Eveneens in Les Cayes werden twee vrachtwagens met rijst geplunderd, waarbij negen mensen door kogels werden getroffen. De nationale politie en de blauwhelmen van de Minustah trachtten de situatie onder controle te krijgen. De blauwhelmen gebruikten hun wapens om betogers te verdrijven die in hun basis waren binnengedrongen, maar ze konden niet verhinderen dat computers en wellicht ook wapens werden buit gemaakt.

Nog in Les Cayes kwamen duizenden mensen op straat, waaronder veel studenten. Ze riepen: “Weg met de hoge prijzen” en “weg met Alexis”. De groothandelaars werden ervan beschuldigd misbruik te maken van de situatie om de prijzen te verhogen. Barricades werden opgericht en autoruiten stukgeslagen. De tussenkomst van de Minustah deed de woede bij de betogers nog toenemen.

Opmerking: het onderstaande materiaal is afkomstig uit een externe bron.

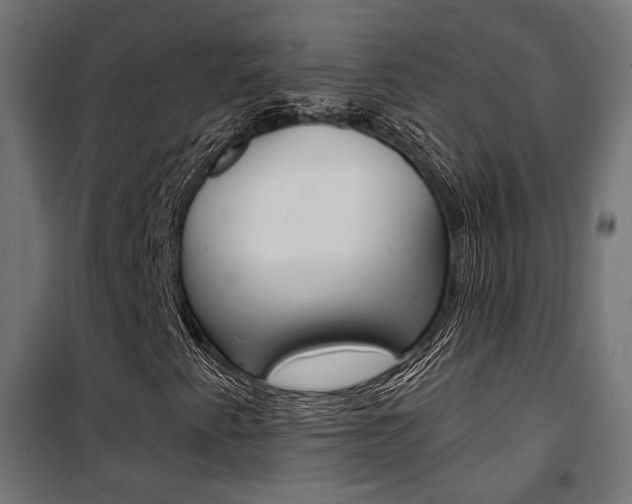 X0000101401345200807071020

Voedselbedeling (foto: AP Photo/Ariane Cubillos)

Ook op plaatsen dicht bij Les Cayes werd gemanifesteerd. In Petit-Goâve kwamen duizenden mensen op straat. Ze protesteerden tegen de hoge kosten van levensonderhoud en tegen president Préval en premier Alexis. Ze riepen de andere steden op om hun voorbeeld te volgen. En dat gebeurde ook. Op 7 april waren er verschillende omvangrijke en gewelddadige betogingen in een aantal steden in het zuiden van Haïti, waaronder Jérémie, Léogane en Miragoâne.

In Port-au-Prince was de situatie heel gespannen. Er werden barricades opgericht en betogers trokken in grote groepen door de straten van de hoofdstad. De transporteurs staakten tegen de verhoging van de brandstofprijzen. Er werden stenen gegooid naar wagens. Twee personen werden gewond door kogels: een student en een politieagent. Deze laatste maakte deel uit van een patrouille die werd aangevallen.

Op 9 april probeerden mensen met geweld de hekkens van het presidentiële paleis neer te halen. Daarbij werden vijf mensen gedood. De Minustah en de nationale politie schoten met rubberkogels en vuurden traangasgranaten af. Demonstranten droegen lege borden om de regering te laten zien dat zij niets te eten hebben. Een betoger zei: “Als de politie en de Minustah ons willen neerschieten, oké, want als we niet door kogels gedood worden, dan toch door honger.”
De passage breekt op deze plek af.